La Casa de la Cultura de Juchitán, fue un tiempo la sede de la Escuela Secundaria Técnica Industrial No 34 y gracias a su remodelación en la que jugaron un papel importante Francisco Toledo y Sofía Musalem, se fundó lo que ahora es Lidxi Guenda Bianni. Hace unos meses la Casa de la Cultura sufrió cambios para bien: cuenta ahora con un nuevo teatro, donde se hizo la presentación de nuestro libro, y está decorada con un colorido que reboza alegría.
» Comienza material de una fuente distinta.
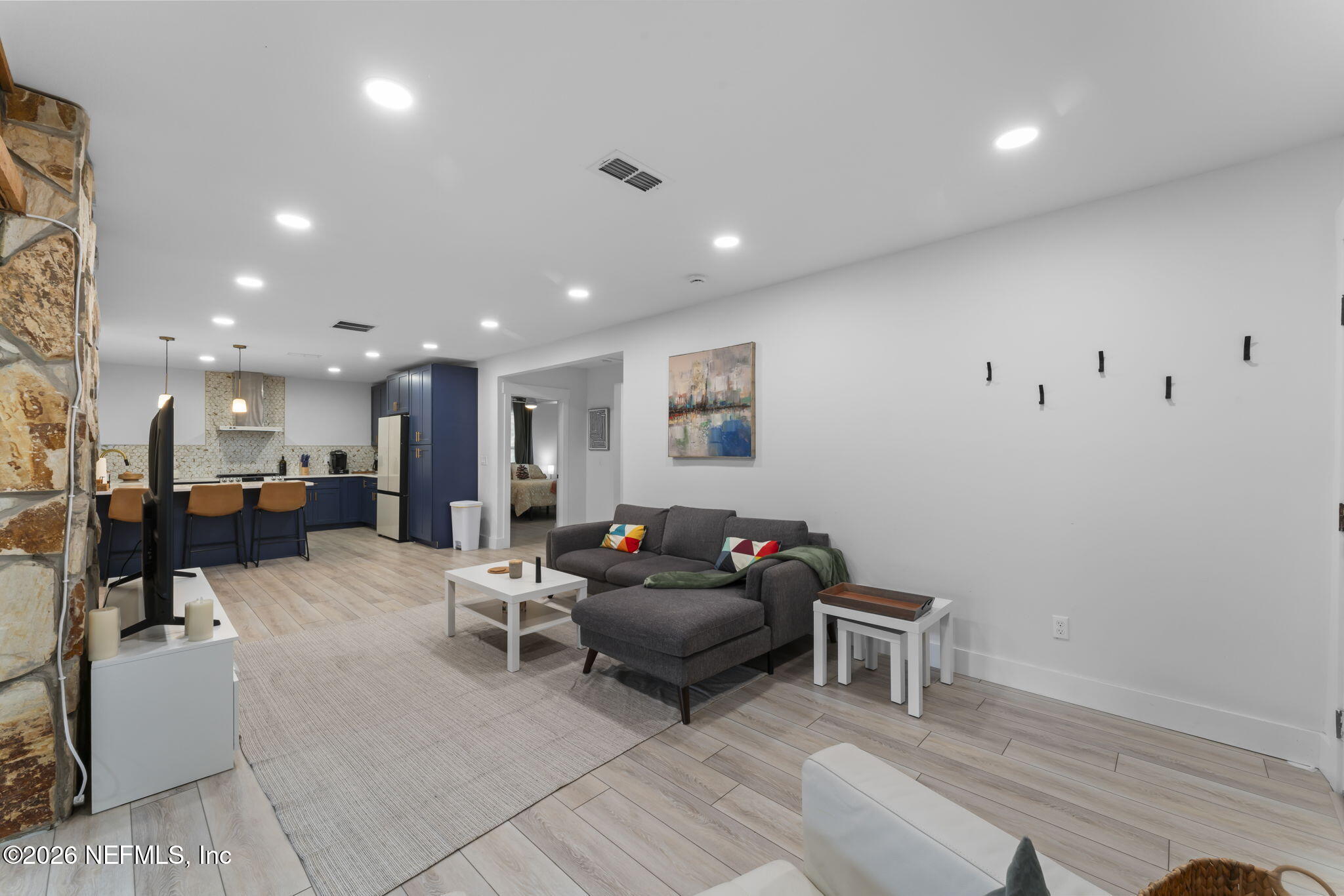 275 CHESWICK OAKS Avenue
La construcción tiene amplios corredores, cuyas gruesas columnas rectangulares le dan un aire románico al conjunto que transmite paz y sosiego al alma.
Mientras llegaba la hora de nuestro acto, disfrutamos en el patio la danza de unos chicos de Juchitán, que bailaban la sandunga, mientras otros jovencitos venidos de Coatzacoalcos ( el istmo veracruzano) observaban el baile que se hacía en su honor. Bello cuadro ese, donde unos muchachos istmeños se muestran sus artes y enriquecen su cultura, complementándola con la del otro.
Dieron las seis y comenzamos puntualmente la presentación del libro. La conducción corrió a cargo de Ulises Hernández Luna, a quien agradezco su amabilidad y corrección. En el presídium nos acompañó Vidal Ramírez Pineda, escoltando a Manuel López Villalobos, estuvimos Claudio Sánchez y yo.
Después de los comentarios que se acostumbra hacer para alentar a los eventuales lectores a comprar el libro, escuchamos varias participaciones del público que en todo momento mostró interés en la obra. Los ejemplares que llevamos para la presentación se agotaron y nos pidieron más.
El acto terminó alrededor de las ocho y media de la noche, nos fuimos contentos y satisfechos de los resultados. Promover la lectura de un libro, es, en cierta forma, promover la lectura en general y eso nos compromete aún más; México transitará mejor y más rápido hacia la democracia, en la medida en que su población sea mayoritariamente lectora. Que de ello no nos quede la menor duda.